C’était le château de Coucy, son enceinte et son donjon de cinquante-cinq mètres, planté dans un promontoire exhaussé de plus de soixante. L’ensemble, abordé par cette face, offrait un décor symétrique. Deux tours, liées par un secteur de rempart, se dessinaient dans un aplomb qui stabilisait le premier plan. Sous des angles égaux, deux murailles s’en écartaient, qui rejoignaient plus en arrière deux autres tours profilées. Mais le regard, par une obsession grandissante, s’attachait à quelque chose de plus harcelant encore. A mesure qu’on avançait, l’émerveillement s’accentuait. La rondeur isolée du donjon, vue d’en bas, entre la quadruple préparation des tours, avec sa paroi lisse, l’anneau singulier de supports qui lui cerclait le front, avec la couronne de son dernier étage percé d’arcatures à jour, montait par-dessus toutes les lignes, vision centrale et obsédante, montait en absorbant tout le reste, montait vers le soleil ou le nuage.

Ainsi Coucy se révélait-il au passant rapide et fasciné. Mais pour qui stationnait aux alentours, ou bien se trouvait par habitude connaître les sentiers du pays, Coucy réservait encore d’autres spectacles de choix.

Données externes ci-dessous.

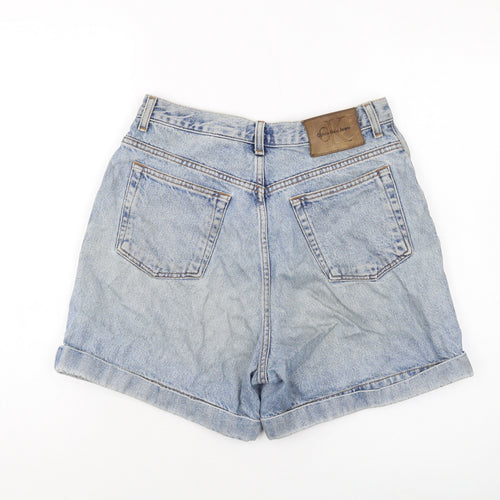 Calvin Klein Womens Blue Cotton Mom Shorts Size 10 L6 in Regular Button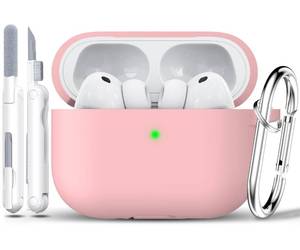 lot 20479 image: RFUNGUANGO for AirPods Pro 3 Case 2025 with Cleaner Kit and Keychain, Soft Silicone Protective Cover for Apple AirPods Pro 3rd Generation Case, Support Wireless Charging, Pink Sand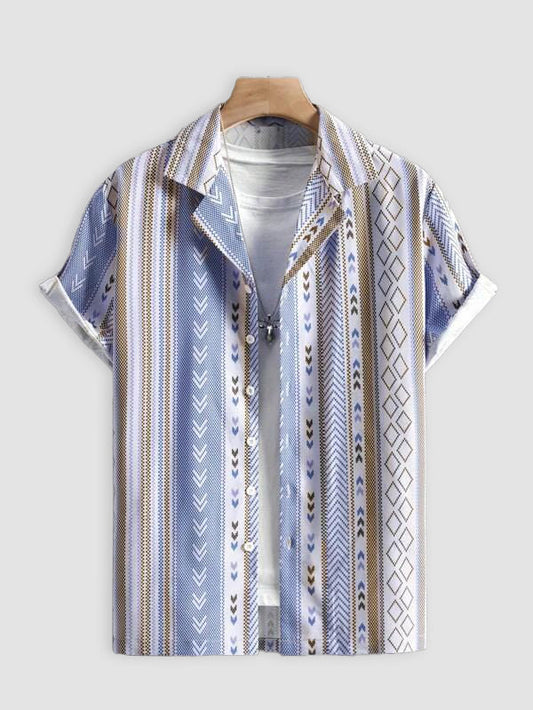Blue Oxford Lining Beach and casual Multicolor Printed Shirt Cotton Material Half Sleeves Mens blackdock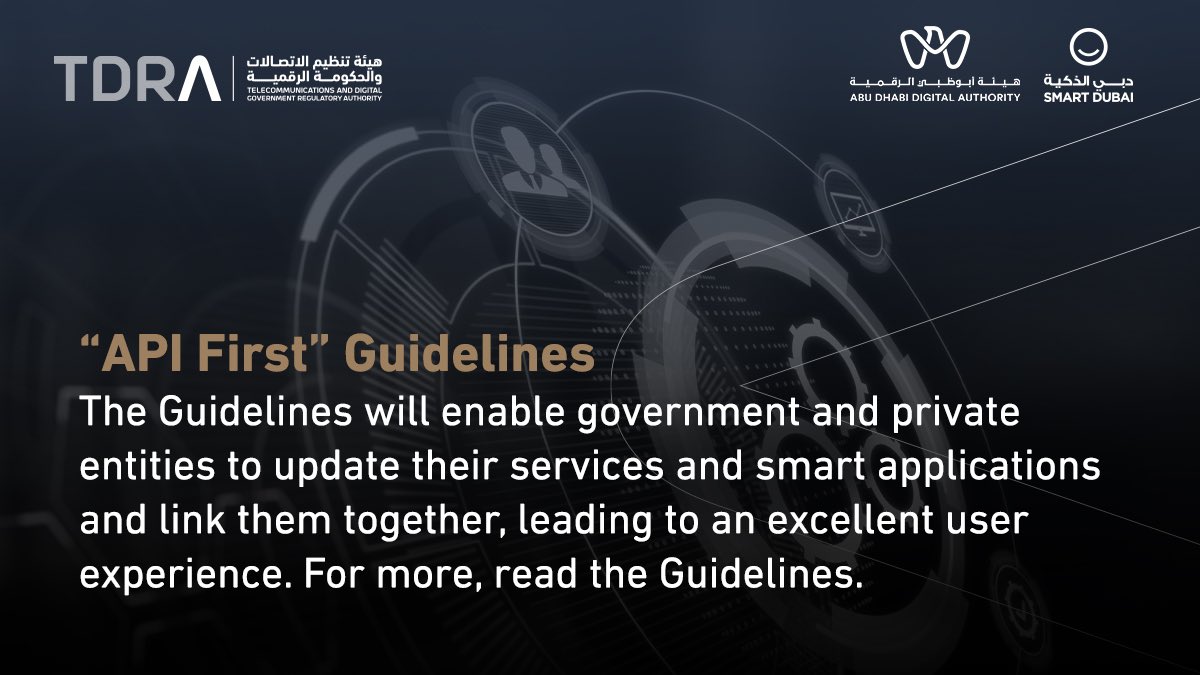 tdrauae's tweet photo. #API_first” Guidelines
The Guidelines will enable government and private entities to update their services and smart applications and link them together, leading to an excellent user experience.
#API #government #digital
For more, read the Guidelines
https://t.co/MzHZEcQnTO https://t.co/1dc7HLBC4Y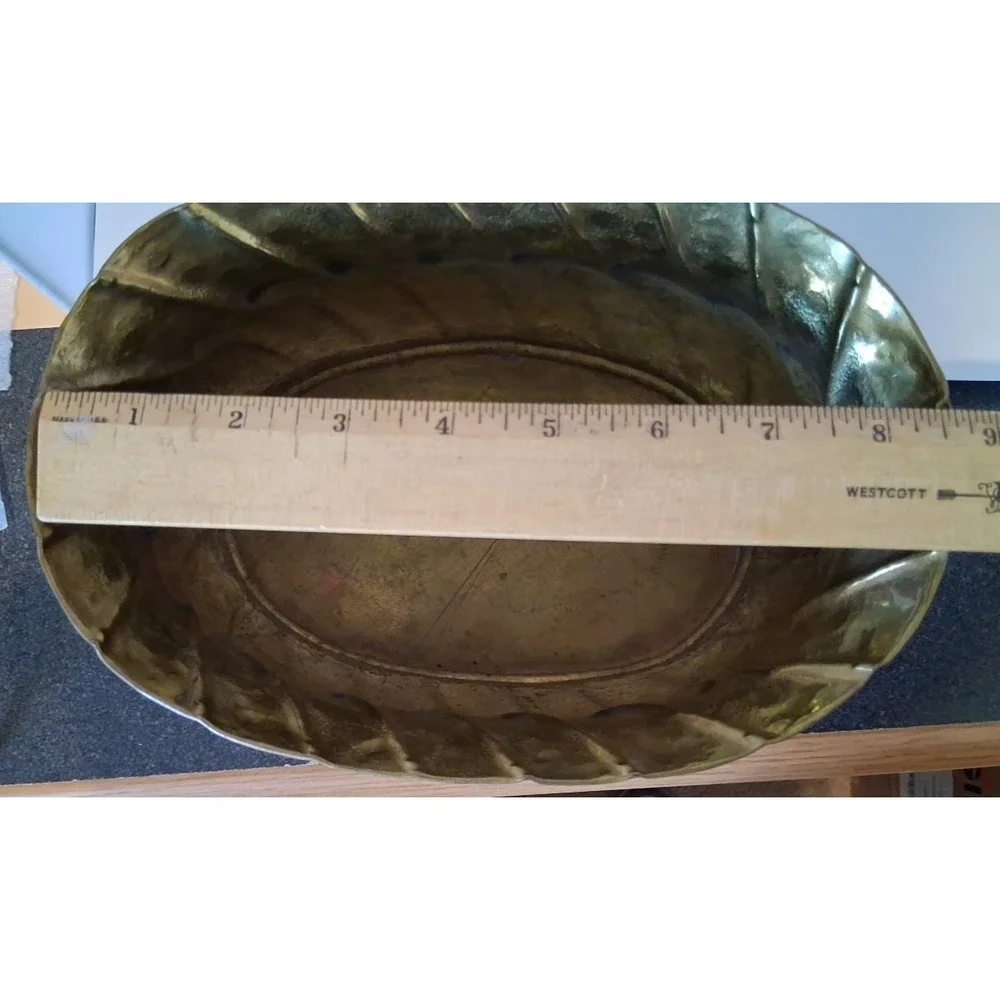 Vintage Brass Italian Style Footed Planter Cache pot Large 9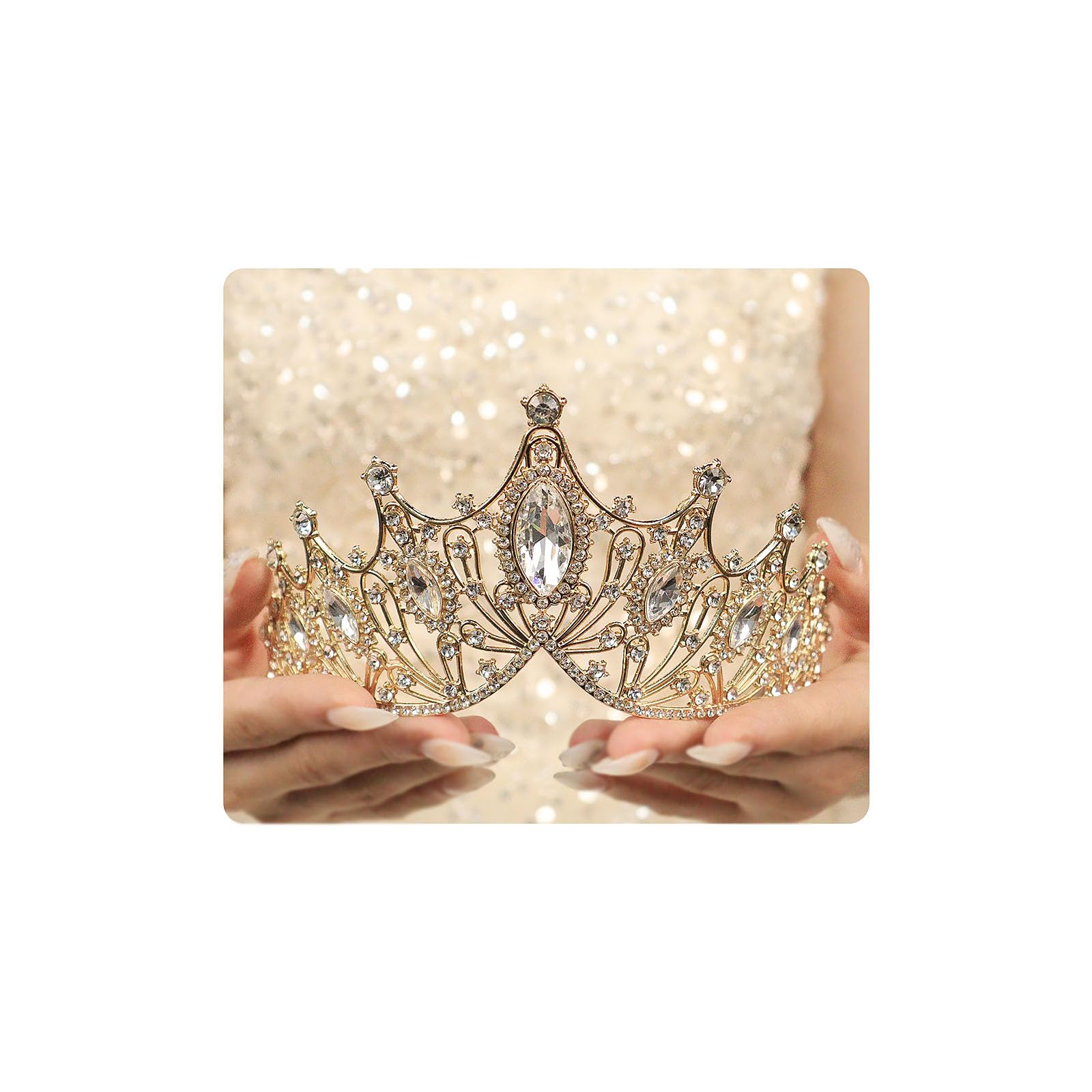 Rannyrena Rhinestone Crystal Tiara Crown for Women Silver Bridal Wedding Headband Elegant Princess Hair Accessories for Birthday Prom Quinceanera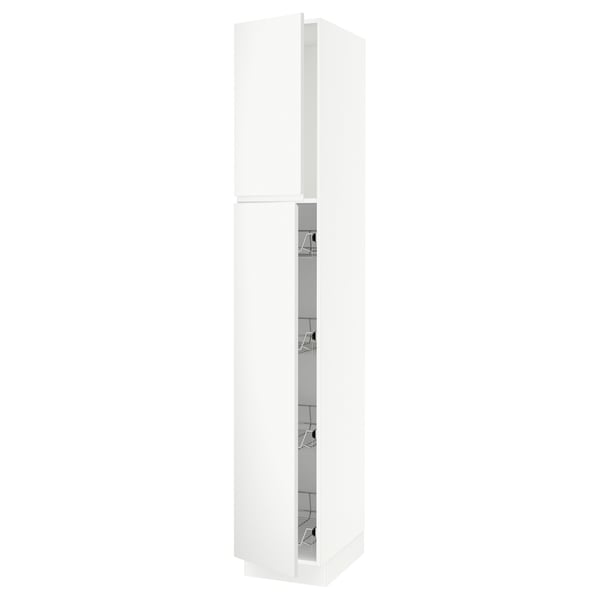 SEKTION Gabinete alto 2 puertas c/canasta, blanco/Voxtorp blanco mate, 38x61x229 cm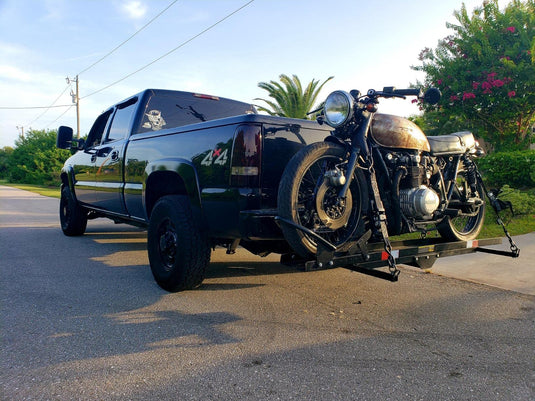 600 LBS Motorcycle Carrier Dirt Bike Rack Hitch Mount Hauler Heavy Duty with Loading Ramp - GoplusUS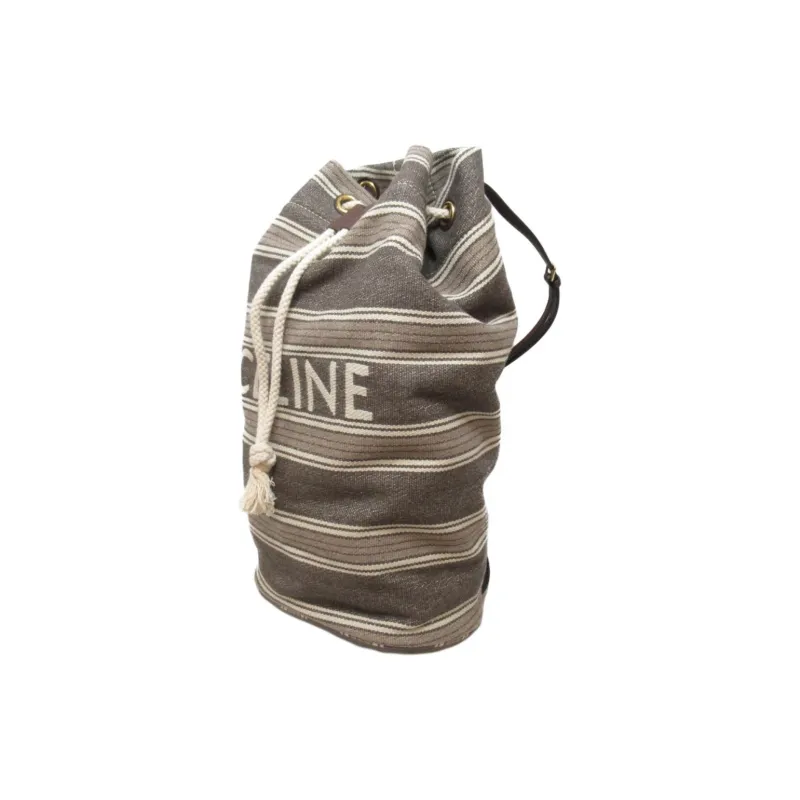 CELINE Canvas Backpack Women's Gray/Brown-2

En poussant plus à l’Est, de l’autre côté d’un ravin sinueux orienté sur l’Ailette, la hauteur de Moyembrie offrait un étonnant observatoire. De là se découvrait, d’un bout à l’autre de l’éperon, non seulement le donjon, non seulement le château, mais sa place d’armes extérieure, mais aussi la petite ville forte, son cadre conservé, ses remparts et ses portes. Le panorama se développait tout en harmonieuses gradations. La cité, ses maisons basses, ses toits violets, gris ou bruns, son église, son beffroi, sa porte de Soissons vers le Sud, ouverte sur une rampe rapide, sa porte de Laon, bastille à elle seule, donnant sur l’isthme étroit par qui tout l’éperon se rattache au plateau, cette suite marquée de profils et de couleurs se distribuait heureusement.